SLURM SCI User Hand-on
Use
Slurm is the software responsible for managing and allocating the cluster resources when you submit a job. You need to define the job requirements in order to submit a job. The most commonly used parameters are:
- -J JobName: Job name
- --time=DD-HH:MM:SS: The expected time the job will run for (walltime). Format DD=days, HH=hours, MM=minutes, SS= seconds (Default dependent on partition, 1 day for batch partition)
- --mem-per-cpu=MMMM: Memory per CPU core (in MB). Default 2048 (DefMemPerCPU=2048)
- --ntasks=X: Number of MPI tasks. Default 1 task.
- --cpus-per-task=Y: Number of OpenMP threads. Default 1 thread.
- --nodes=Z: Number of nodes. Default 1 node.
- --gpus=[type:]\<number>
--gpus-per-node=[type:]\<number>
--gpus-per-socket=[type:]\<number>
--gpus-per-task=[type:]\<number> GPUs for the job
IMPORTANT: the more accuracy in the job requirements, the more efficient the cluster will be.
You can define those requirements as options of the sbatch command or include them in the submit script headers. Example:
#!/bin/bash
#SBATCH -J JobName
#SBATCH --time=08:00:00 # Walltime
#SBATCH --mem-per-cpu=4096 # memory/cpu (in MB)

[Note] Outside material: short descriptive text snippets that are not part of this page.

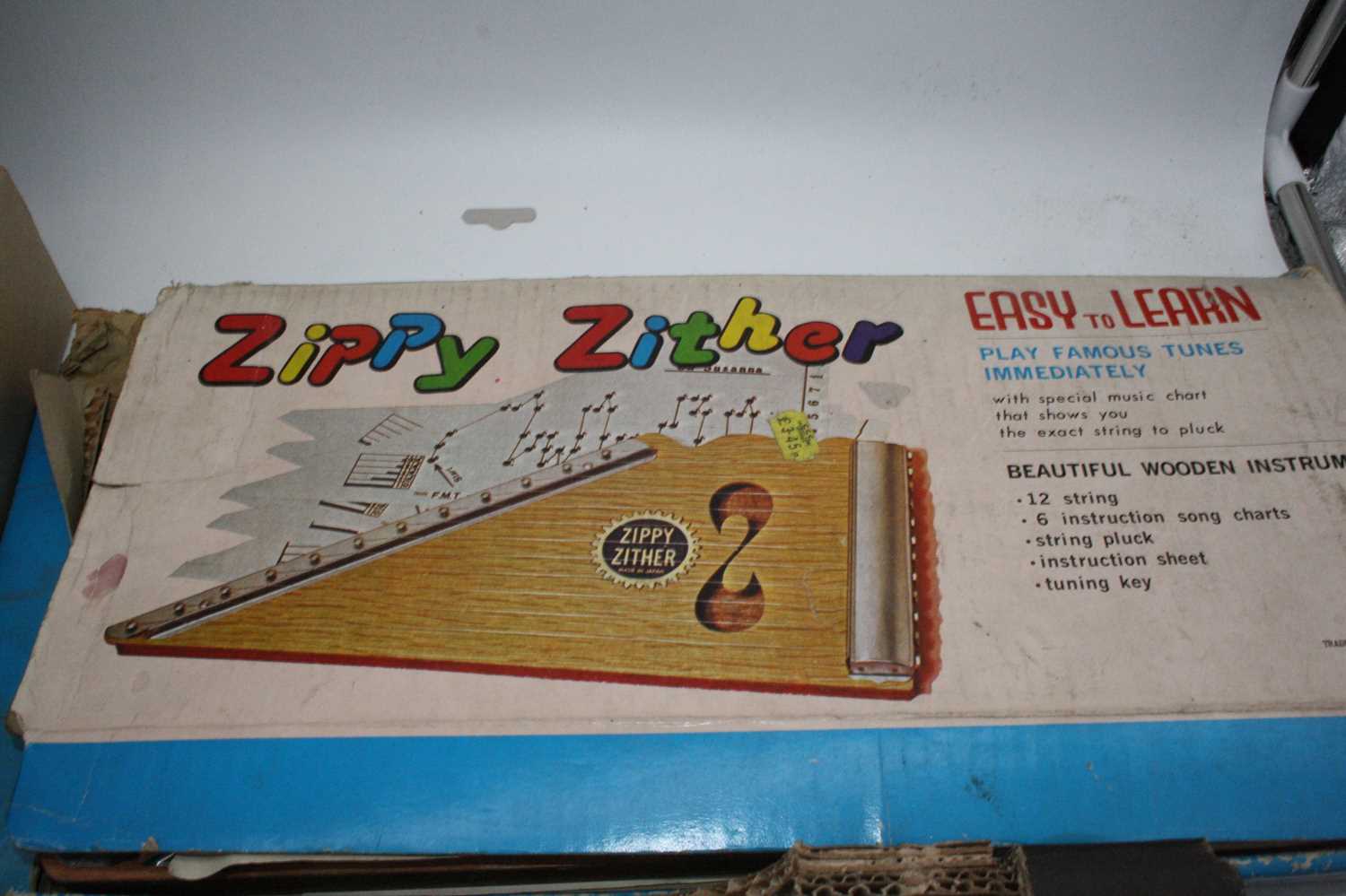 A boxed Japanese FMT Zippy Zither, boxed, together with a 17 key kalimba, and a Simply Harmonica - Image 4 of 7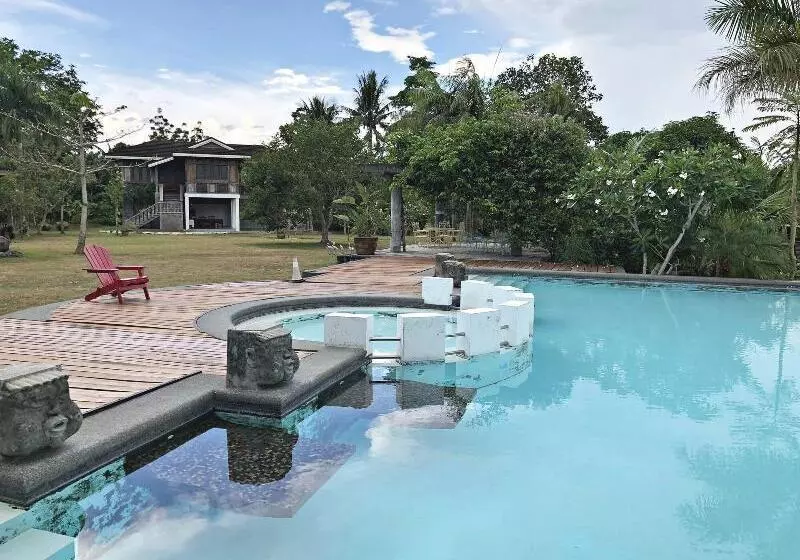 Hotelli Overlooking Lagoon At Sitio De Amor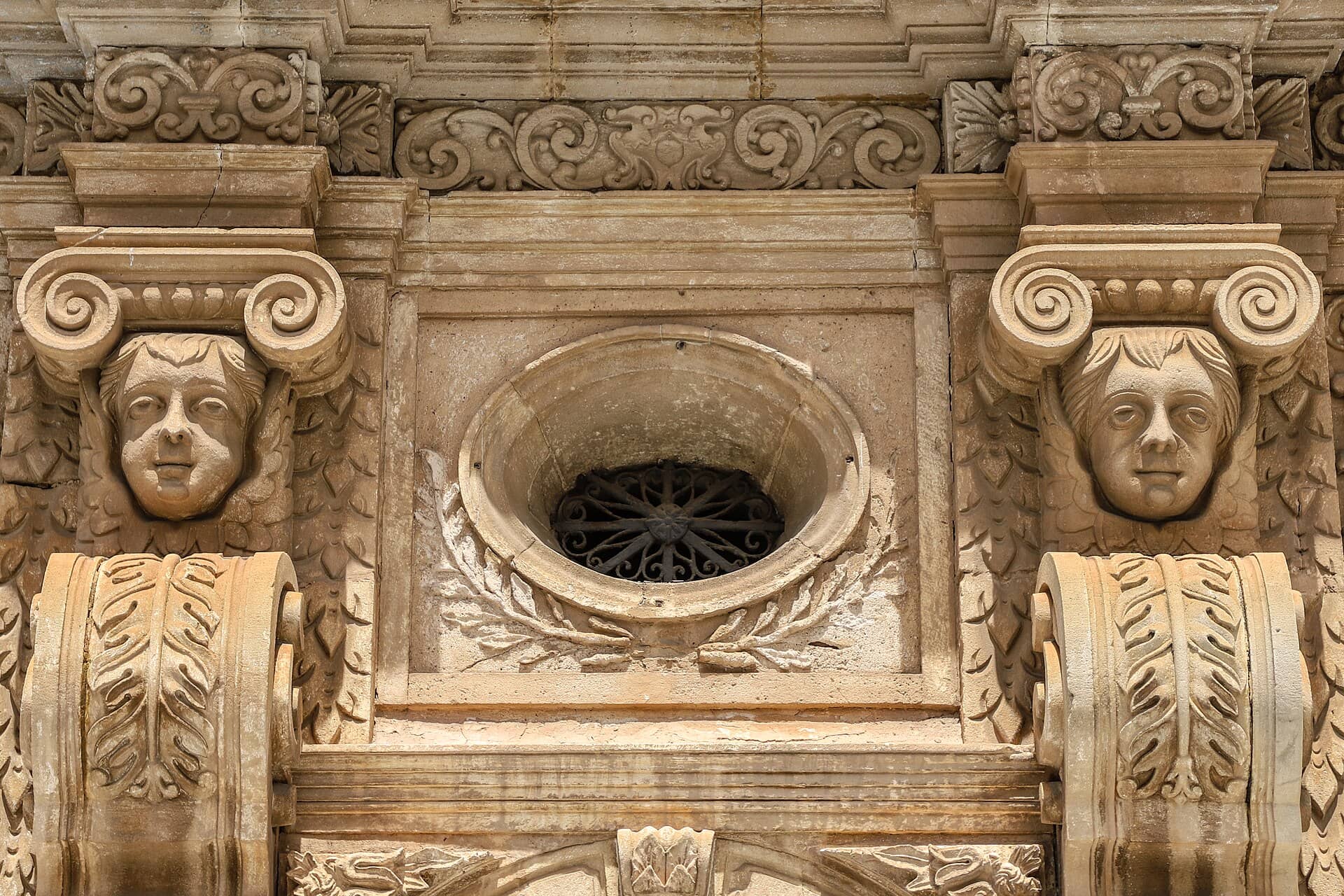Fachada da Igreja e Convento de São Francisco, em Salvador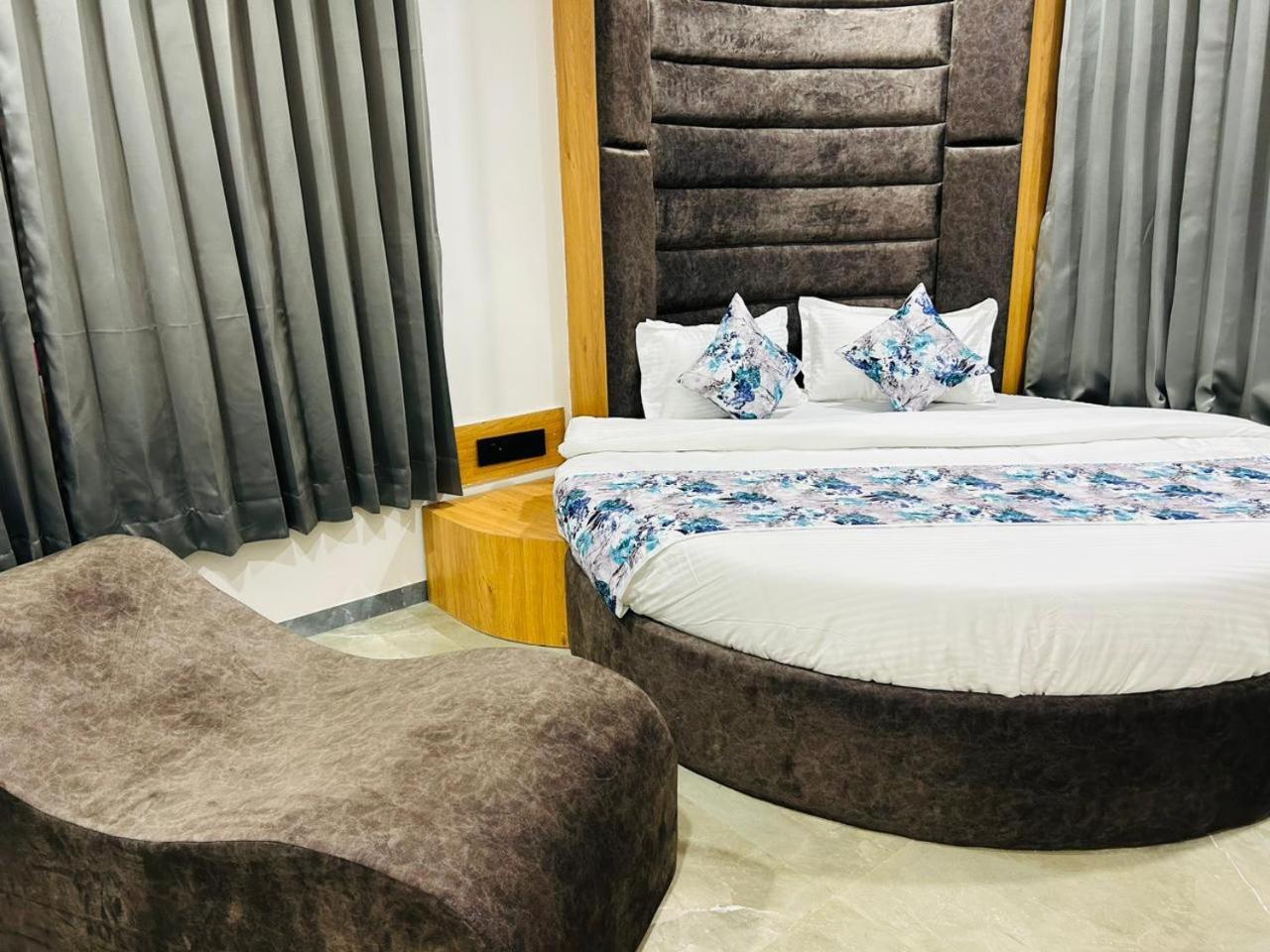 Hotel M Grand Ahmedabad Eksteriør billede
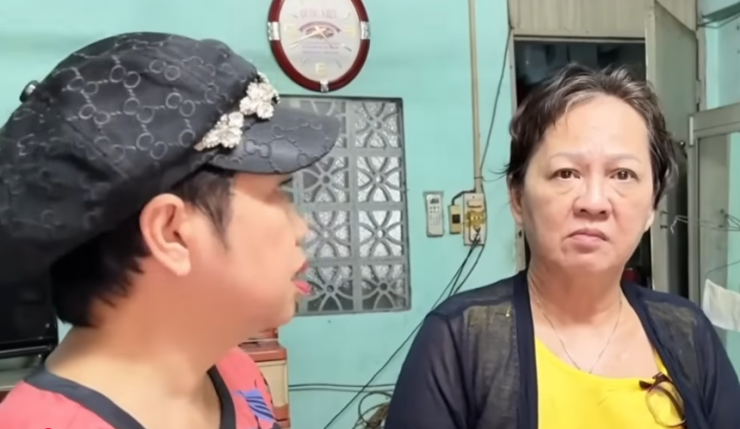 Vợ ca sĩ Tô Thanh Phương (phải) chia sẻ với diễn viên Phi Phụng. Ảnh: Chụp màn hình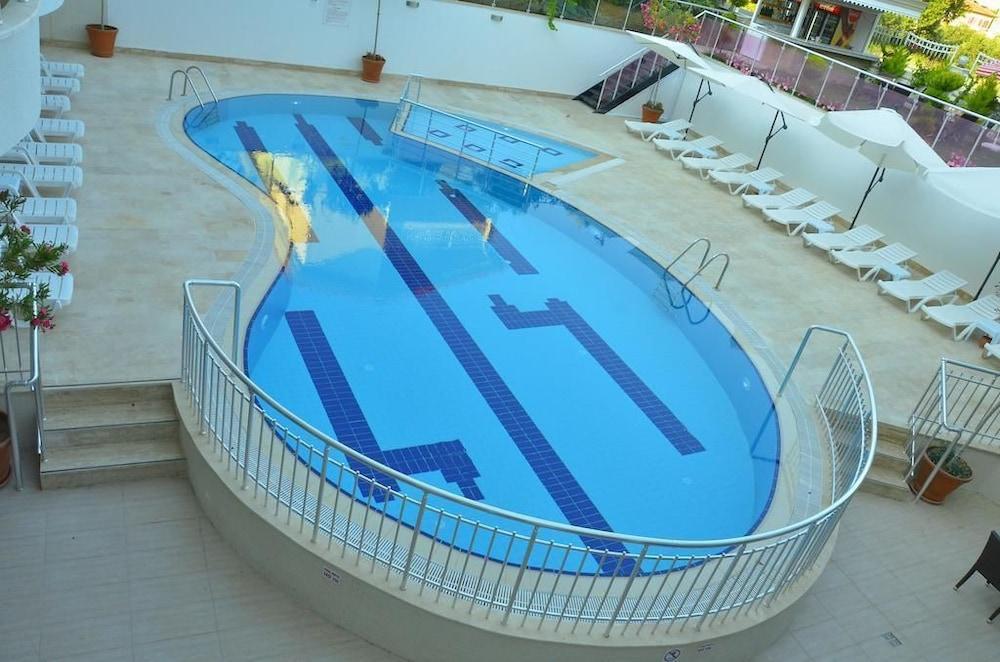 DICKMANN ELITE HOTEL — SIDE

#SBATCH --ntasks=2 # 2 tasks
#SBATCH --cpus-per-task=4 # number of cores per task
#SBATCH --nodes=1 # number of nodes
#SBATCH --gpus-per-node=nvidia_h200:2 # gpus h200 per node
Jobs states
| State | Abbreviation | Description |
|---|---|---|
| BOOT_FAIL | BF | Job terminated due to a launch or boot failure, typically caused by hardware issues (e.g., unable to boot a node or block and the job cannot be requeued). |
| CANCELLED | CA | Job was explicitly cancelled by the user or system administrator. The job may or may not have been initiated. |
| COMPLETED | CD | Job has terminated all processes on all nodes with an exit code of zero (successful completion). |
| COMPLETING | CG | Job is in the process of completing. Some processes on some nodes may still be active while SLURM cleans up resources. |
| CONFIGURING | CF | Job is being configured, typically waiting for nodes to be allocated before execution begins. |
| DEADLINE | DL | Job terminated upon reaching its deadline. |
| FAILED | F | Job terminated with a non-zero exit code or experienced another failure condition. |
| NODE_FAIL | NF | Job terminated due to failure of one or more allocated nodes. |
| OUT_OF_MEMORY | OOM | Job was terminated after exceeding its allocated memory. |
| PENDING | PD | Job is awaiting resource allocation. |
| PREEMPTED | PR | Job was terminated (or suspended) due to preemption by another job with higher priority. |
| RUNNING | R | Job currently has an allocation and is executing. |
| RESV_DEL_HOLD | RD | Job is being held because the requested reservation was deleted. |
| REQUEUE_HOLD | RH | Held job is being requeued. |
| REQUEUED | RQ | Completing or failed job has been requeued for another execution attempt. |
| RESIZING | RS | Job is changing its size (e.g., adding or releasing nodes). |
| REVOKED | RV | Job was revoked, typically due to dependency problems or system maintenance. |
| SIGNALING | SI | SLURM is signaling the job (e.g., sending SIGTERM or SIGKILL). |
| SPECIAL_EXIT | SE | Job terminated with a special exit condition defined by the system. |
| STOPPED | ST | Job has an allocation, but execution has been stopped with a SIGSTOP signal. CPUs remain allocated to the job. |
| SUSPENDED | S | Job has an allocation but execution is suspended and CPUs are released for other jobs. |
| TIMEOUT | TO | Job terminated after reaching its time limit. |
Default priority
Slurm gives each job a priority, and works to free up appropriate resources for the highest-priority job. At regular intervals, Slurm will recalculate the priorities of all jobs. The priority could be based on different factors, each one with different weight:
- Fairshare: your job will be given an initial score based on your share and your historical use of the cluster, with your recent use being given more weight.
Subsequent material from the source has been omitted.